Paper EM+TF+AS-ThA6
Controlling GaN Polarity on GaN Substrates

Thursday, November 1, 2012, 3:40 pm, Room 14

Gallium nitride is a high quality semiconductor widely used in both optical and electronic devices. The polarity of GaN (+/- c-direction) influences many properties of the resultant material, including chemical reactivity and electric field in these ‘piezoelectric’ materials. Control over the polarity of GaN grown on sapphire and SiC substrates has been previously demonstrated by controlling the growth conditions, doping levels, and buffer or nucleation layer properties. Further, in the case of heavily doped p-type layers, spontaneous polarity inversion has been demonstrated in GaN homoepilayers, switching the doped layer from Ga-polar to N-polar. However, this approach leads to uncontrolled inversion domain boundaries and often results in dopant clustering within the film, impacting film quality and resultant device performance.

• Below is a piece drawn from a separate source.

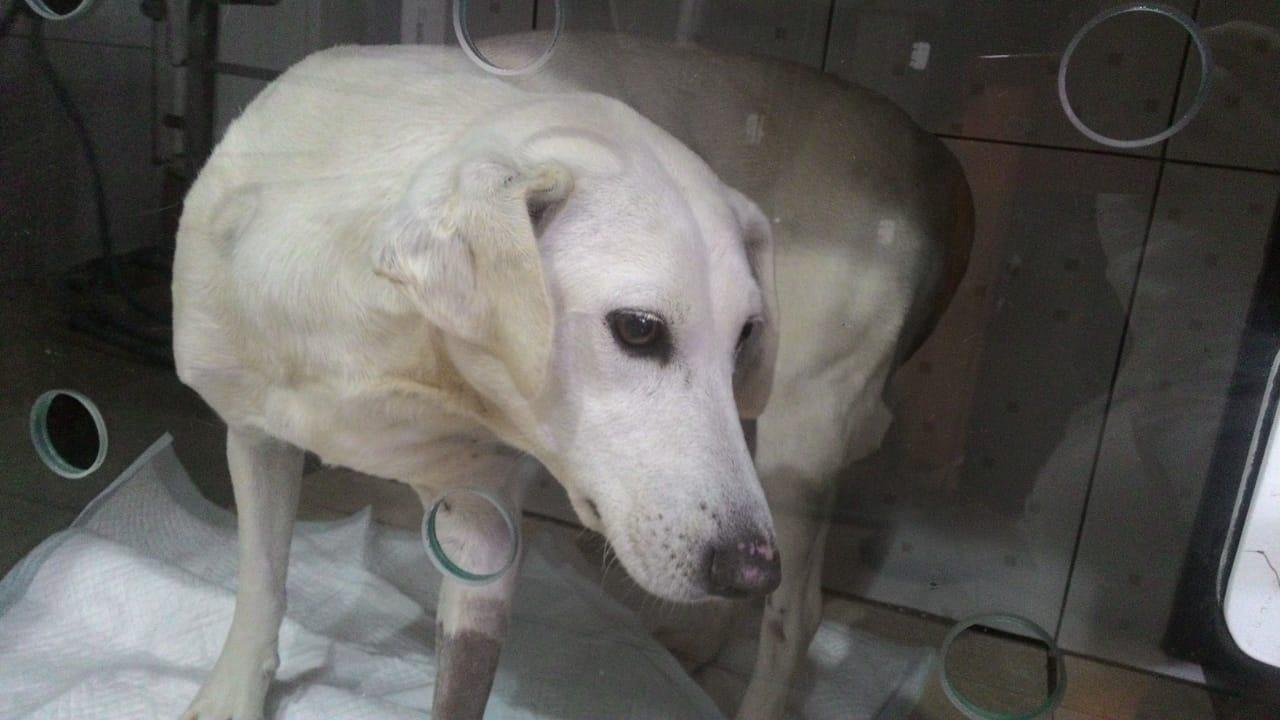 O animal permanece em observa&ccedil;&atilde;o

In this work we investigate the fabrication of Mg-free inversion layers (ILs) to control the polarity of MOCVD-grown GaN on GaN substrates. By changing the IL material, we demonstrate conversion of GaN polarity in both directions (N-polar to Ga-polar and Ga-polar to N-polar). By employing a patented selective growth method to deposit the IL, the lateral polarity of the GaN can also be alternated, allowing control of the polarity in both vertical and lateral directions. A one-dimensional grating of periodically oriented (PO) GaN stripes was achieved over square-centimeter (or large) areas. The boundaries between polarities are found to be both sharp and vertical, and the growth conditions have been adjusted to result in equal growth rates of both polarities. Chemical etching of the material verifies the polarity of the material. Transmission electron microscopy (TEM) rules out the presence of alternating polar inclusions in the inverted material while showing a strong inversion domain boundary at the vertical interfaces. Dislocation density and grain size are determined through the use of electron channeling contrast imaging. The MOCVD-grown PO GaN structures have been extended in thickness by further HVPE growth. TEM and photoluminescence imaging confirms that the PO GaN structure is maintained throughout the extended growth (up to 80 μm in thickness). This method of GaN polarity inversion offers the promise of engineering both lateral and vertical polarity heterostructures and the potential of novel engineered polarity-based devices.